The School Board may take action on the budget at Wednesday’s meeting. With a large turnout expected, the meeting has been moved to North Park Middle School’s auditorium, where the public portion is scheduled for 7 p. m

Also, word is no meetings yet with the city on plausible reuses though they are expected in the future. The feasibility of reusing the structure should be a factor in the closure though it seems it may not be.


Rocketboy said...

Getting rid of summer school is a joke. Through no academic fault of my own (scheduling issue/change of major) if it was not for summer school, there's no way I could have taken the path in high school that I did.

There's no reason that the Lockport School District should cost as much as it does.

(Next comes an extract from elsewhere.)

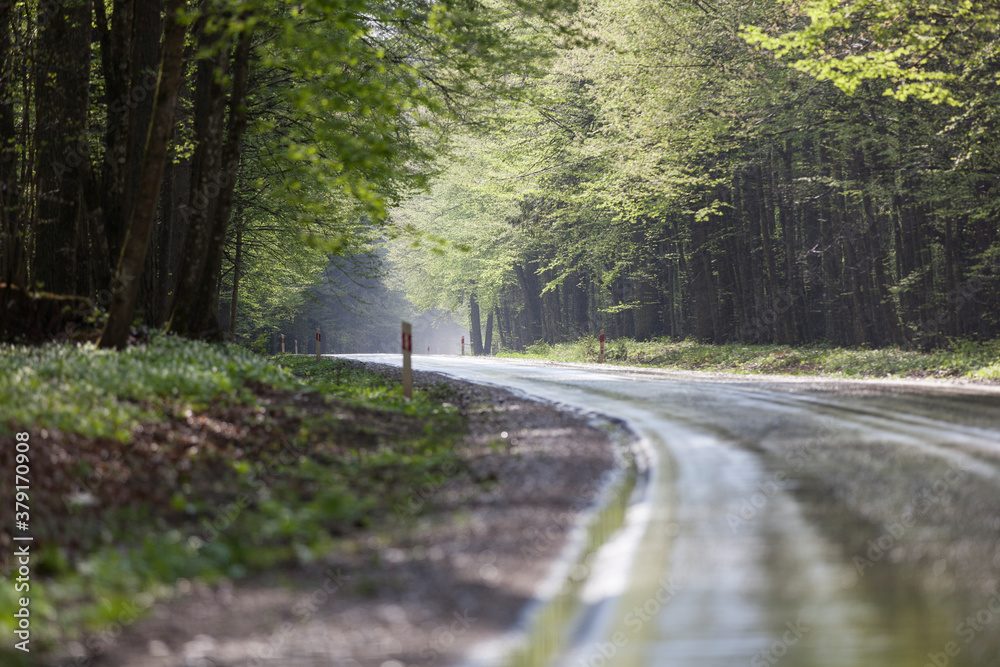 Wet road after rain, Bialowieza forest, Poland Wet road after rain, Bialowieza forest, Poland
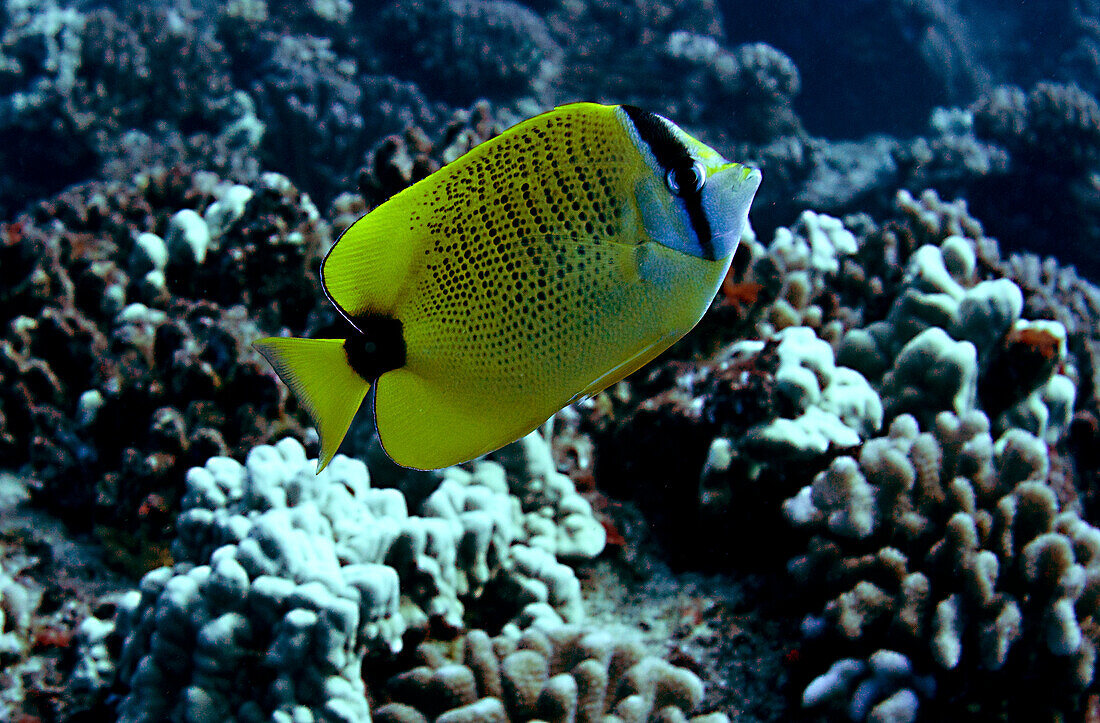 Millet Butterflyfish (Chaetodon miliaris)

Many schools in the area do more with less money. Spending more does not equal better education.

wrightontime said...

Universal Pre-K? I sent and paid for daycare for my kids. I shouldnt be paying for someone elses kids to attend daycare. And it would be a benefit to the many local daycare programs in the area if this was cut. Concerning reuse, wouldn't it be more cost effective to turn off the power, lockout the gas meter and drain the plumbing? Only thing left would be to cut the grass and plow the sidewalk.

Rocketboy said...

Personally, I'd rather pay for Pre-k at a school, then at a private daycare center... and well, as a tax payer, we pay for both.

Anonymous said...

Average per pupil spending is still around 9k per student. NYS is at (or near) the top at 14k per student.

Adjusted spending has almost doubled per student in the last 40 years without a corresponding increase in acedemic performance.

Problems are not fixed by throwing money at them. Nor will the school bugdet be fixed by closing a school and sending some people packing. It will just be a bandaid until real reform is done and the current funds are put to the best use. Without any detail of how the school budget is spent, how can we know what to do?


"Despite the lack of consistent findings, leading researchers in the area acknowledge that any effect of per-pupil expenditures on academic outcomes depends on how the money is spent, not on how much money is spent. According to Hanushek:

Few people…would recommend just dump­ing extra resources into existing schools. America has…followed that program for sev­eral decades, with no sign that student per­formance has improved.…

…The issue is getting productive uses from current and added spending. The existing evidence simply indicates that the typical school system today does not use resources well (at least if promoting student achieve­ment is their purpose).[19]

Hedges and Greenwald note that:

[T]he results do not provide detailed infor­mation on the educationally or economically efficient means to allocate existing and new dollars.… [D]iscussions of school reform… should instead incorporate an assessment of the current relation between inputs and out­comes and determine how to best allocate resources in specific contexts."

Anonymous said...

That's why school vouchers make more sense to me. We can be more selective in where our money goes to send our children to the school of our choice thus making the whole school system more competitive.

Anonymous said...

You should be aware that the Pre-K program is 100% State funded (another problem) so it doesn't come out of the Lockport taxpayers pocket (at least not directly)

Anonymous said...

You should also be aware that Mrs. Carbone recently created another administration post: director of early childhood education to oversee the pre-k program. This unnecessary six figure salary does come out of our local pockets. I think there's a good chance the kids will learn to tie their shoes without help from another administrator. We have 15 administrative positions listed at the BOE--why are we expanding when our enrollment has declined by 25% in the last 30 years???